Higher education in the United States has been the subject of considerable criticism, especially in the last ten years or so. With the early beginnings of what we used to call “identity politics,” we saw an increase in ideology and a reduction in actual learning and helping undergraduate and graduate students reach their academic and professional goals.
Humanities have been under the biggest attack from the radical ideologues. Unlike sciences and professional degrees, such as law, accounting, or engineering, the humanities allow for nuance in thinking and analysis. Thus, they make a perfect target for manipulation, eventual erasure, and destruction.
Many essays, articles, and books have been written on higher education, and Elise Stefanik’s new book, Poisoned Ivies: The Inside Account of the Academic and Moral Rot in America’s Elite Universities, can certainly be added to this list. The immediate issue with Stefanik’s thoughts on this problem is that the subtitle is misleading. It is neither the “inside account” nor does it focus on education issues. Rather, it is a book about increased anti-semitism on America’s Ivy League campuses.
Stefanik, a Congresswoman representing New York’s 21st District, uses a 2023 congressional hearing to expose the prevailing antisemitism at a few universities. Titled “Holding Campus Leaders Accountable and Confronting Antisemitism,” the hearing brought as witnesses presidents of major universities: Harvard, UPenn, MIT, and Columbia.
Stefanik’s book is quite straightforward, divided into chapters that assess and analyze anti-semitism on campus. Stefanik focuses on anti-Israel protests following the Hamas terrorist group’s attack on Israel on October 7, 2023. Rightfully, Stefanik describes the events that followed, especially the suffering and death of many hostages Hamas took. The protests that occurred not only at America’s Ivy League schools but also at other colleges were hardly peaceful. They were disruptive and often involved threats to the Jewish students on campuses, bad enough that Jewish students began to feel unwelcome and, most of all, unsafe.
Without a doubt, the safety of students should come first. If students do not feel safe because of threats to their lives, they will be unable to do what they ostensibly came to do–study and earn a degree. At the hearing, Claudine Gay (as well as other university presidents who were called to testify) rarely offered clear answers to Stefanik’s questions. Indeed, students have the right to feel safe, but Gay was largely evasive and ambiguous about what that entails.
Stefanik’s hearing did have an impact. Most of the presidents who were called to testify resigned. But does that really matter? This was most likely just a symbolic act since most of them moved on to different positions, in some cases, leadership positions at other universities. In other words, nothing has changed.
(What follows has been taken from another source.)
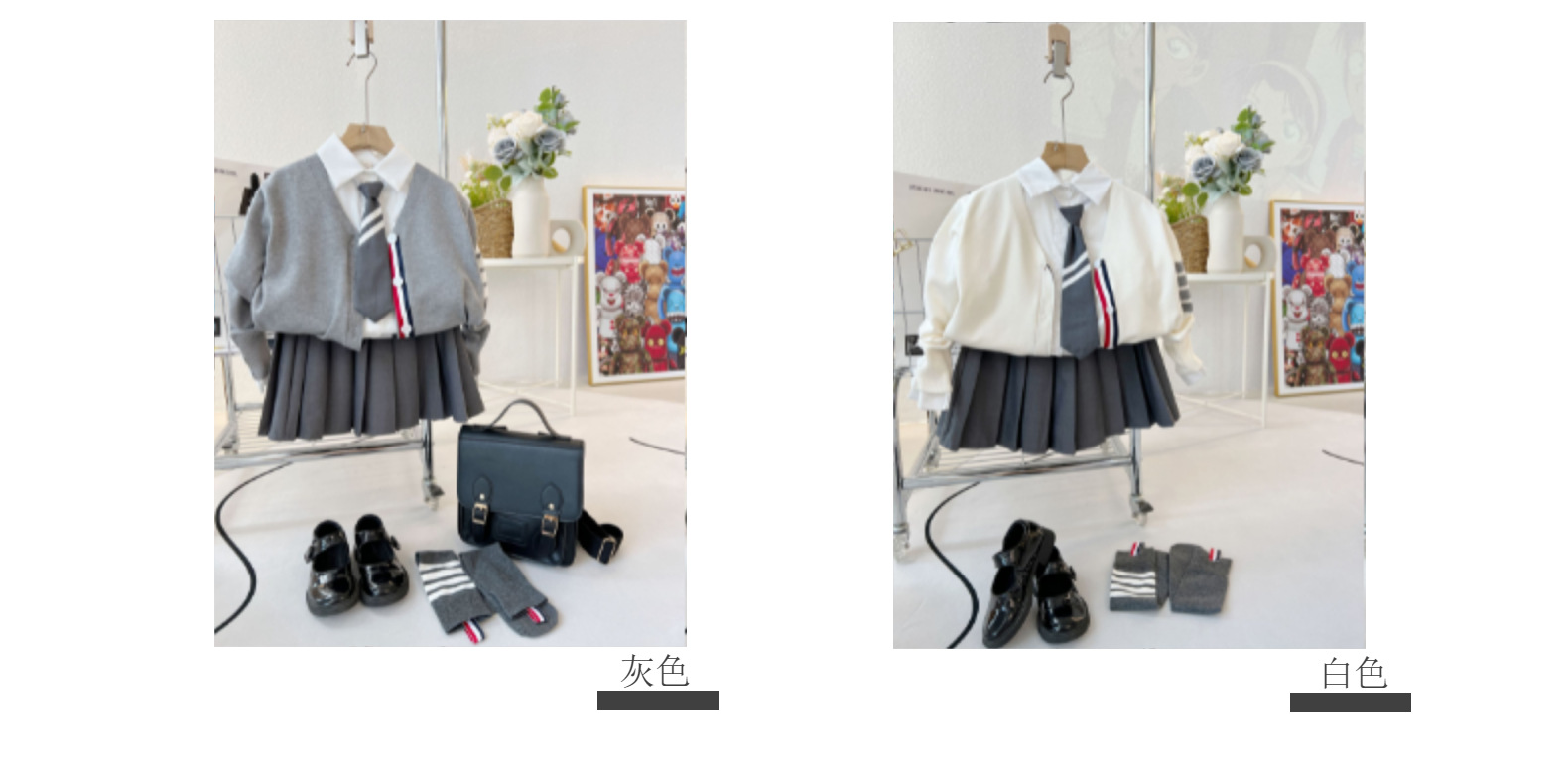 2022秋季新款女童4件套jk制服中大童学院风开衫衬衫百褶裙套装详情7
Even the fact that the universities were stripped of their federal funding wasn’t exactly as clear-cut as we’d like to think. As Stefanik writes, “In April 2025, the Trump Administration froze approximately $1 billion in research funding to Cornell, citing its ongoing investigation into whether the university failed to protect the civil rights of Jewish students.” The government reached an agreement with Cornell in which the university “will pay $30 million in fines and invest $30 million in agriculture-related research in exchange for the restoration of frozen research funding.” This is hardly a win against ideology or anti-semitism. Maybe the “agriculture-related research” will involve an exploration of transgender bovine traits or why cucumbers are misogynistic. What substantive reforms did Cornell take to ensure that pervasive anti-semitism doesn’t recur?
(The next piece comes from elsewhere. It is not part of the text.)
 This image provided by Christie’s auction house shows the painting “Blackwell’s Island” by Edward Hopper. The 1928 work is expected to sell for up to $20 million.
Stefanik is not wrong at all in pointing out what ails higher education. However, her scope is extremely limiting, and her approach rather superficial. The book is filled with clichés and platitudes about the “moral bankruptcy” of higher-education institutions. All true, but education (especially in the humanities) is filled with intellectual nuances and questioning. These are not present in Stefanik’s overview. To be sure, she is concerned about the direction higher education is taking, but we are left to assume that this includes wrestling with the ideas that make up the humanities. Stefanik is not obligated to write a primarily intellectual book; but, when engaging with such issues, it is necessary to explore the philosophical and fundamental reasons for what constitutes good education. Instead, Stefanik mentions that American colleges and universities have stepped away from “American values,” but she never defines what these values are.
There are several distractions in the book, and it’s consistently unclear what Stefanik is attempting to do. There is a strange mixture of the need to fight anti-semitism and political narcissism. This is especially evident at the beginning of the book, which reads more like an overture for a candidate running for office than an exploration of the higher-education crisis. Stefanik also indulges in self-congratulatory remarks about various accomplishments as a woman in Congress. If indeed we ought to move away from ideology, should one’s gender matter at all?
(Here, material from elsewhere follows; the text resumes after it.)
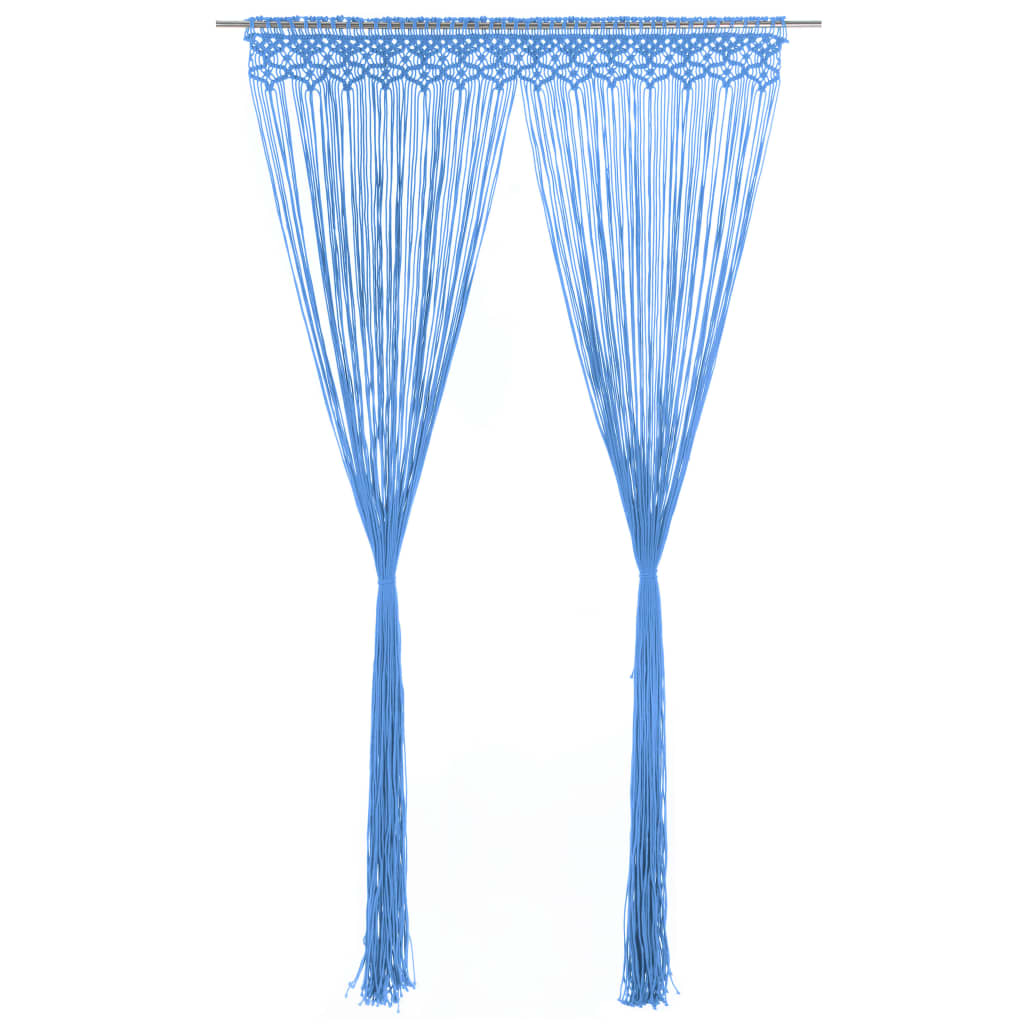 vidaXL Macrame Curtain Blue 140x240 cm Cotton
On another occasion, Stefanik praises her methodology in executing congressional hearings: “After the first hearing with the university presidents, many fellow committee members and particularly freshmen members of Congress reached out to me directly to adjust and better hone their questioning style to more effectively cut to the chase.” The book is filled with many such examples in which Stefanik wants to tell the readers that she is intelligent, rational, and careful. All of these may be correct, but ultimately, her exposition of these self-evaluations distracts from the issues at hand.
Stefanik makes many assumptions throughout the book. Some are completely correct, such as the fact that Jewish and often conservative students feel they are unable to speak freely in academia. I can vouch for this, having spent many years at university as both a student and a teacher. The pervasive feeling is that if one does not believe in a leftist ideology, that person will feel like an outcast and will remain silent. However, it’s important to note that for every ideologue, there are many excellent teachers and thinkers in these same institutions that fight those battles every day in the most appropriate way–teaching their students how to think.
Stefanik misses that point, which is why many of her other assumptions are not as self-evident as she would like them to be. For instance, when writing about the protests, she never asks a question about whether the protestors were actual students from that university or possibly random people who were paid to protest and disturb. Of course, the larger point remains true: institutions enveloped by various ideologies allowed these paid or student protestors to drone on for weeks, months, and entire semesters. The rot is deep.
Stefanik is correct that the Ivy League institutions receive a lot of funding from foreign countries, especially from Qatar and China, but is a reduction of foreign students on campuses the answer to the problem of anti-semitism? These are fair questions, and again, extremely nuanced. Stefanik does, rightfully, name many radical professors who are hardly teaching humanities but serving as ideological agitators, and this is a parallel problem to the foreign funding of the universities. This is especially true in relation to Middle Eastern Studies at Harvard, which employs many so-called scholars driven only by agitating an ordered society, rather than contributing to the American fabric of free thought.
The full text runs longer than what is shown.